Back in ’71, Anna (the gorgeous Micaela Ramazzotti) was crowned the Most Beautiful Mother during an annual summer event at Livorno — an event that prompted the unjustified jealousy of Anna’s husband, Mario (Sergio Albelli), whose resentment soon turns to violence, causing the young woman to pack up their two children and take off. From there, we jump to modern times (circa 2008), where we find a forty-something-ish Bruno (Valerio Mastandrea) working as a fulltime school teacher in Milan with a part-time drug and alcohol problem. And his reasons for such are evident: he’s an extremely unhappy individual.
Most of his despondency with the world appears to hail from his family, particularly his mother — whose honest intentions over the years have lead to one more brick in his mental wall (cue the Floyd, man!). Despite his best efforts to avoid both her and his sister, the grown-up Valeria (Giulia Burgalassi, another beauty) catches up with him at work, promptly dragging him back to Livorno to help her take care of their now-dying mother (Stefania Sandrelli).
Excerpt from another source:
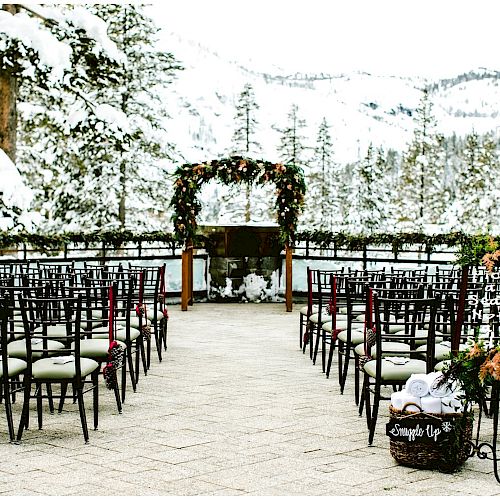 An outdoor wedding setup in a snowy mountain setting with decorated chairs and an archway adorned with greenery and flowers, ending the sentence.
It is there, as he unwittingly lends his assistance to the woman that caused him so many scars of discomfiture that he begins to find his way in life.
At its core, The First Beautiful Thing is a charming, somewhat heavy-handed film — particularly if you have ever experienced the loss of a parental figure. Virzì delivers his film’s message in a most assuredly valid way, though his non-linear method of storytelling jumps back and forth from the ’70s and ’80s to the present day so much, it begins to get downright annoying at times. Nevertheless, this drama is a well-made one, and it is easy to see why this one was submitted to the 83rd Academy Awards (it didn’t win, just in case you don’t remember that far back, either — although it was a critic favorite and won several other awards around the globe).
As to why we’re getting it on home video now two years later is beyond me, but the folks at Palisades Tartan Films have given us a fine-looking Standard Definition (in Italian with nice big removable English subtitles) with only a trailer as an extra. The lack of any other special features is a bit of a bummer, but I guess these beautiful things have to end somewhere, right?